Os advogados de defesa dos detidos da suposta tentativa de golpe de Estado no dia 1 de Fevereiro de 2022 endereçaram em Setembro último, uma carta ao Presidente da República para falar das irregularidades que segundo eles eivam o processo. Conforme os advogados, o próprio processo está sob alçada dos tribunais e nunca foi transferido pelo Tribunal Militar. Os advogados consideraram de violação da Lei o facto do Presidente do Tribunal Superior ter exarado um despacho para a transferência desses detidos supostamente por questão de segurança de um estabelecimento prisional para um lado, sem no entanto apresentar o despacho do magistrado titular dos processos.

Os detidos ainda reclamam a apresentação dos mesmos a justiça, pelo que consideram a intervenção do Presidente da República pertinente para mudar essa realidade.

Na íntegra a Carta

CARTA ABERTA DO COLETIVO DOS ADVOGADOS SOBRE CASO “1 DE FEVEREIRO DE 2022

Á

Sua Excelência Senhor, Umaro Sissoco Embaló, Presidente da República da Guiné-Bissau, General do Exército e Comandante Supremo das Forças Armadas.

Bissau, 21 de Setembro de 2023

Assunto: CARTA ABERTA

Excelência,

Senhor Presidente da República, que Deus lhe conceda a saúde e longa vida na sua nobre função que desempenha, em nome do desenvolvimento do Estado da Guiné-Bissau.
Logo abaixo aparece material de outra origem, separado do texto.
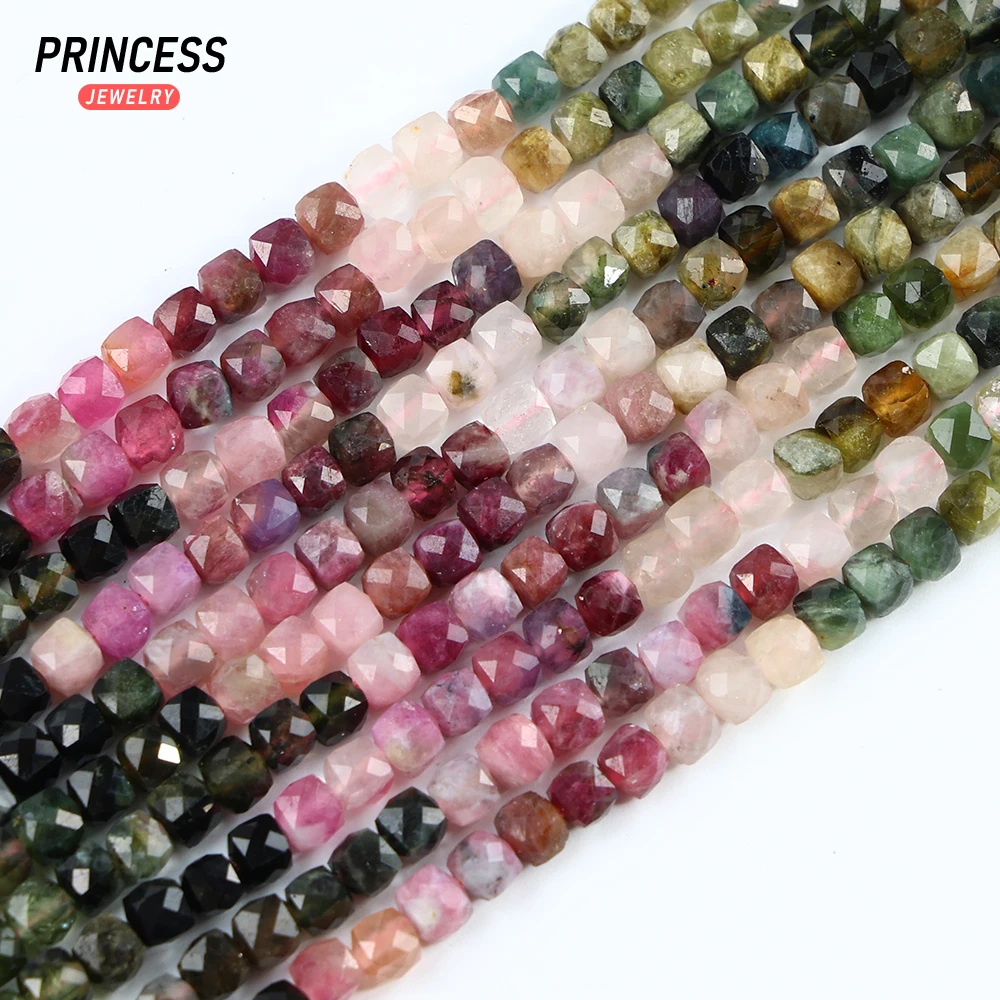 A++ Natural 4mm Colorful Tourmaline Cube Faceted Beads Healing Crystal Beads for Jewelry Making DIY Bracelet Necklace 3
O coletivo dos Advogados dos “presos” no caso um de Fevereiro de 2022, vem, por intermedio desta missiva, manifestar de forma inequívoca, a indignação face a morosidade judicial, relacionada ao caso supra que se encontra no Gabinete do Presidente do Tribunal Militar Superior, que recentemente os guineenses foram confrontados com a “ transferência dos reclusos”, por despacho emitido por este senhor, Presidente da Corte Suprema Militar, que culminou com a transferência imediata dos presos no caso em referência para a prisão militar de Base Aérea, por alegado motivo de segurança e melhoria das condições prisionais.

Facto que preocupa o coletivo, considerando que, o Presidente do Tribunal Militar Superior solicitou a transferência dos presos, sem que, no entanto, tenha apresentado o despacho judicial do Magistrado titular dos autos que suportasse o pedido ora formulado.

Porém, do que se sabe até que se prove o contrário, processualmente falando, o processo em liça, nunca foi transferido para a jurisdição Militar. Isto porque, dos supostos atos ou tramitações processuais que se alegam no Tribunal Militar, padecem do vício de forma preterível e de sem efeito. Na medida em que, quer o coletivo dos Advogados, quer aos ditos reclusos, nunca se quer foram tidos nem achados para o efeito do exercício do contraditório da possível remessa dos autos a aquela jurisdição.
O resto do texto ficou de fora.